Work instruction:
Retype exactly every line from the one that includes "this 474×315 image." through the final line of the listing, both ends kept, and omit the pictures.

Extracted entries:
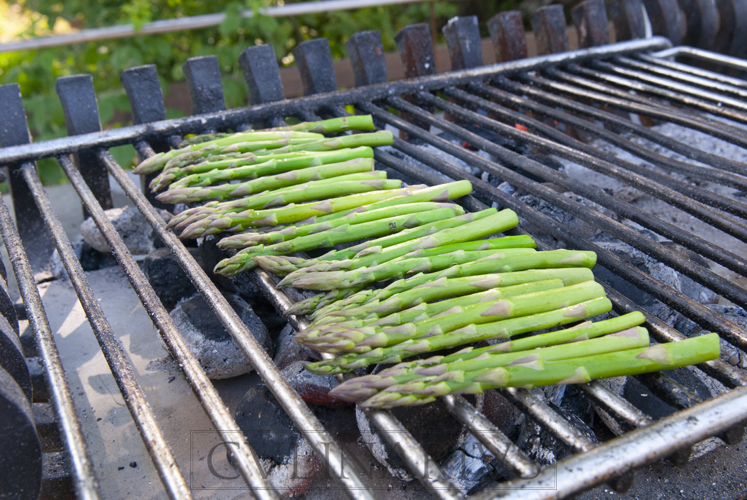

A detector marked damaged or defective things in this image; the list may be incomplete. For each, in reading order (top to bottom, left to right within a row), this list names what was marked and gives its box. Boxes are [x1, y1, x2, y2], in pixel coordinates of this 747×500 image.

black charred metal [488, 10, 528, 62]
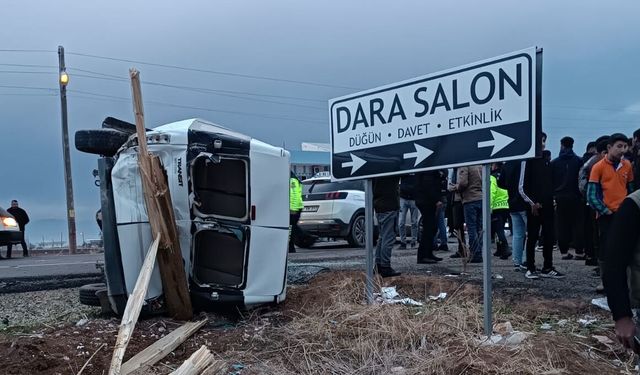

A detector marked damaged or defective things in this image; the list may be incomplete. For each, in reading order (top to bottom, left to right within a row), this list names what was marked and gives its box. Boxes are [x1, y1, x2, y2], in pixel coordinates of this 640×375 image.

damaged van panel [92, 118, 288, 314]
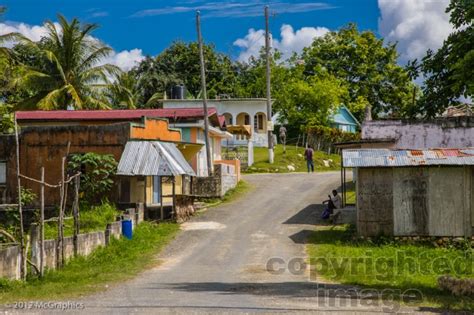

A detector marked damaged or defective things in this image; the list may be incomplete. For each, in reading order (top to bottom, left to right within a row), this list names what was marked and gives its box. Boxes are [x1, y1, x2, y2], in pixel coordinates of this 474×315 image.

rusty metal roof [117, 141, 195, 177]
rusty metal roof [342, 149, 474, 168]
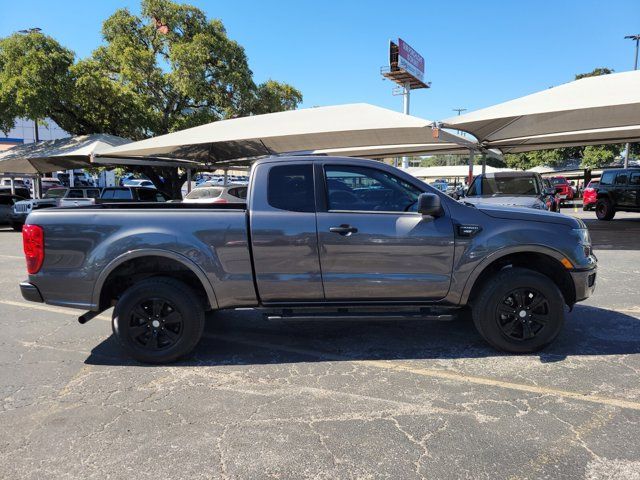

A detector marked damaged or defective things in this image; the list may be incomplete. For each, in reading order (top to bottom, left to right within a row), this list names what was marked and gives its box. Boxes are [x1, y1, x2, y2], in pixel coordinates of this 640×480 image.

cracked asphalt [1, 212, 640, 478]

Answer box:
A detector marked damaged or defective things in this image; the list may be incomplete. For each, in reading order (top to bottom, left to right within a row), this list names what was marked and gives its box. Boxes are [x1, y1, x2, y2], in pixel coordinates of this 474×315 image.

rusty metal roof [117, 141, 195, 177]
rusty metal roof [342, 149, 474, 168]

A detector marked damaged or defective things in this image; the list may be incomplete. For each, in reading order (top to bottom, left to right within a row), this list names what was marked and gives its box. Boxes are [x1, y1, x2, y2], in pixel coordinates of this 640×480 image.

cracked asphalt [1, 212, 640, 478]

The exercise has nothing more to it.